START Recorded data

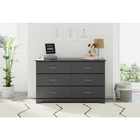 Storkcraft Dresser 53 25  6-drawer Durable Easy-glide Particle Board In Gray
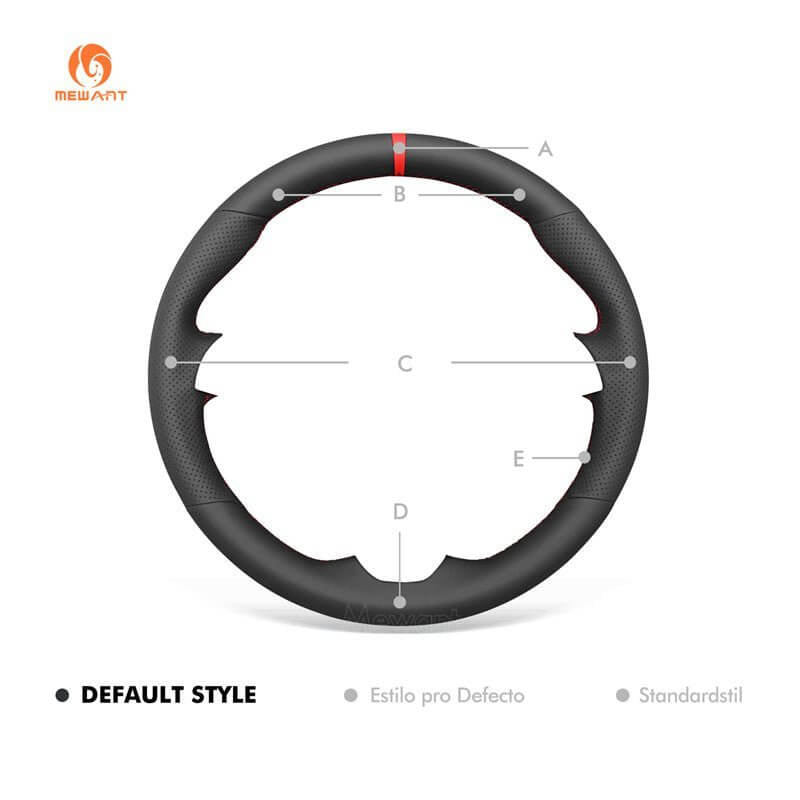 MEWANT Steering Wheel Cover for Seat Ibiza 6J Mii 2012 - 2020 - Alcantara, Leather, Carbon Fiber, Easy Install, Non - Slip, Best Steering Wheel Cover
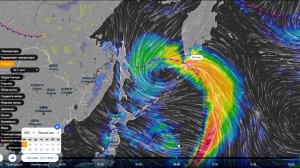 В ночь с 10 на 11 ноября на Камчатку обрушится циклон. Прогноз погоды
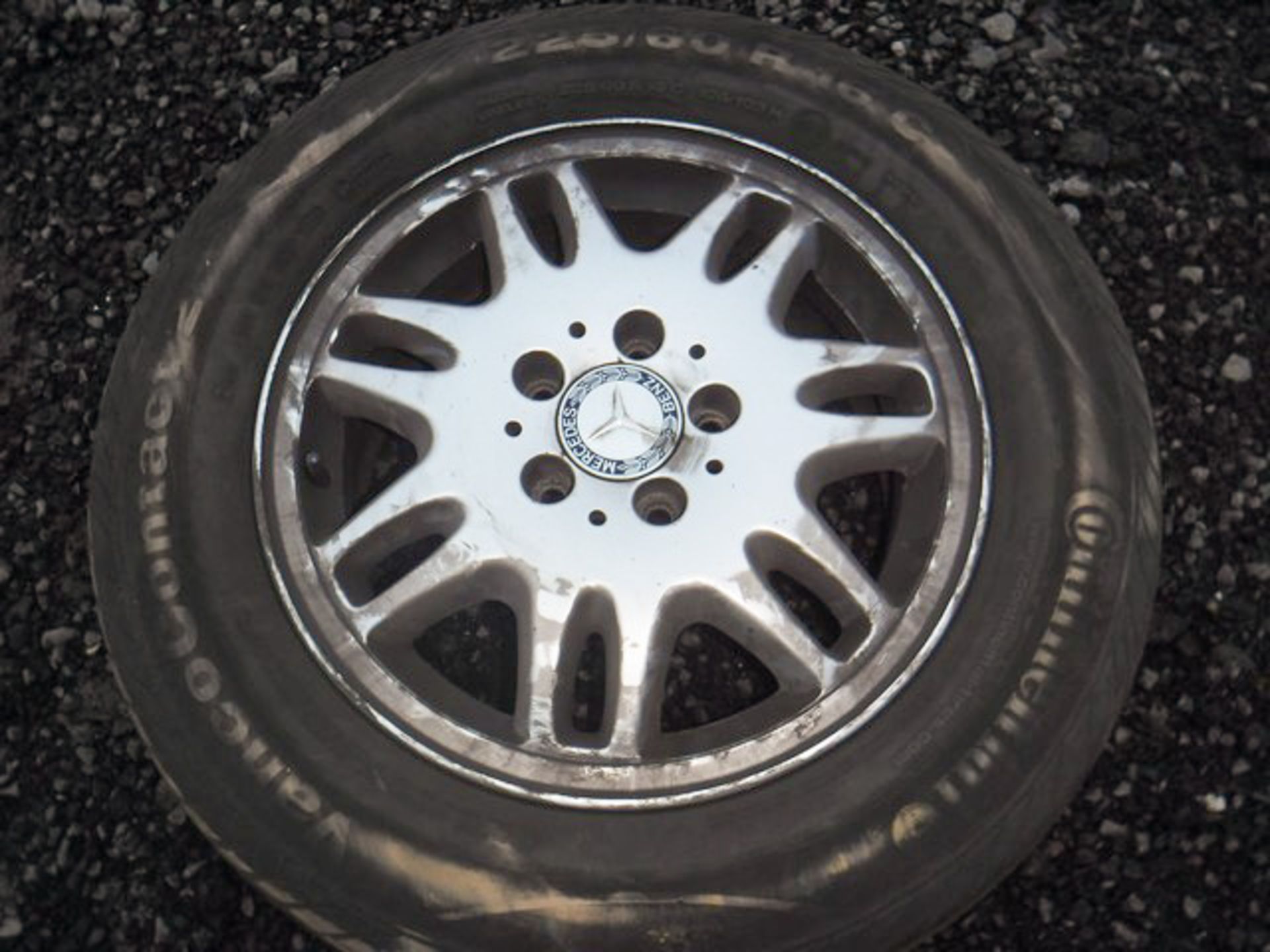 4 X 16" ALLOY WHEELS & 1 SPACE SAVER TO FITMERCEDES VITO - Image 2 of 3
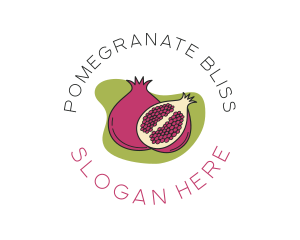 Pomegranate - Pomegranate Fruit Market logo design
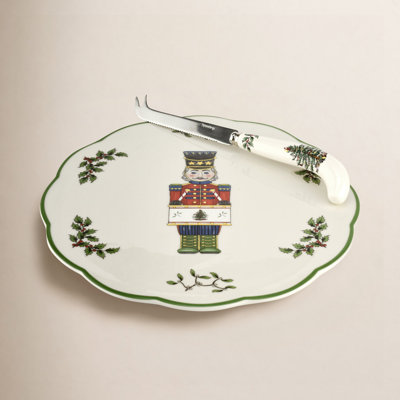 Christmas Tree Porcelain Serving Set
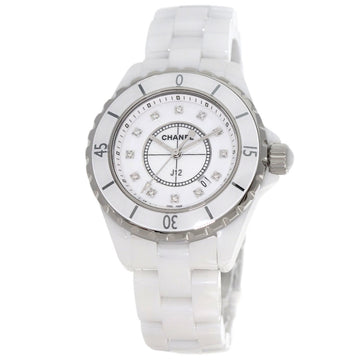 CHANEL H1628 J12 33mm 12P Diamond Watch Ceramic/Ceramic Ladies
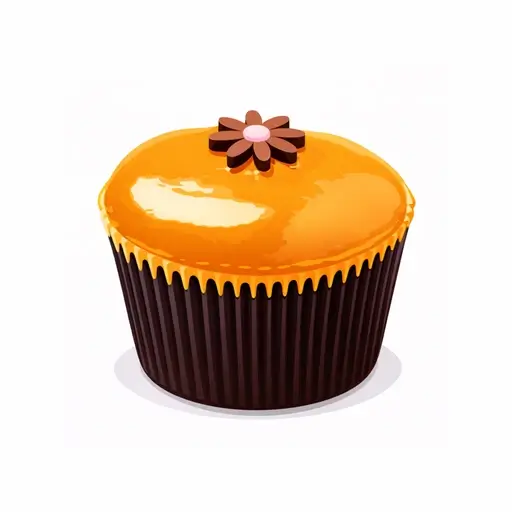 Valrhona Blonde Ganache cupcake
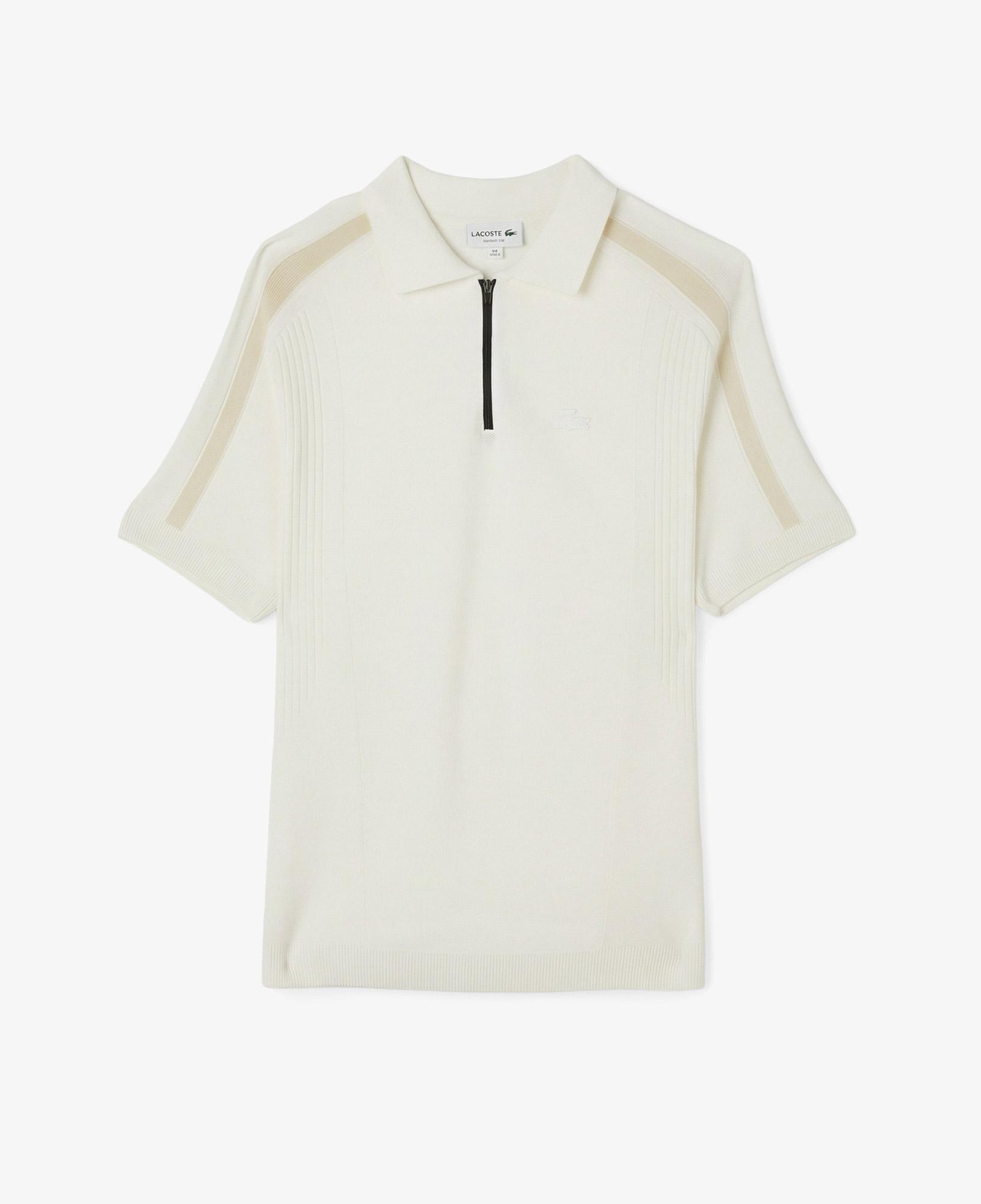 Erkek Classic Fit Kısa Kollu Polo Yaka Krem Triko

END Recorded data

Task brief
Give the data again exactly, image-free.

Answer for this exercise
 Storkcraft Dresser 53 25  6-drawer Durable Easy-glide Particle Board In Gray
 MEWANT Steering Wheel Cover for Seat Ibiza 6J Mii 2012 - 2020 - Alcantara, Leather, Carbon Fiber, Easy Install, Non - Slip, Best Steering Wheel Cover
 В ночь с 10 на 11 ноября на Камчатку обрушится циклон. Прогноз погоды
 4 X 16" ALLOY WHEELS & 1 SPACE SAVER TO FITMERCEDES VITO - Image 2 of 3
 Pomegranate - Pomegranate Fruit Market logo design
 Christmas Tree Porcelain Serving Set
 CHANEL H1628 J12 33mm 12P Diamond Watch Ceramic/Ceramic Ladies
 Valrhona Blonde Ganache cupcake
 Erkek Classic Fit Kısa Kollu Polo Yaka Krem Triko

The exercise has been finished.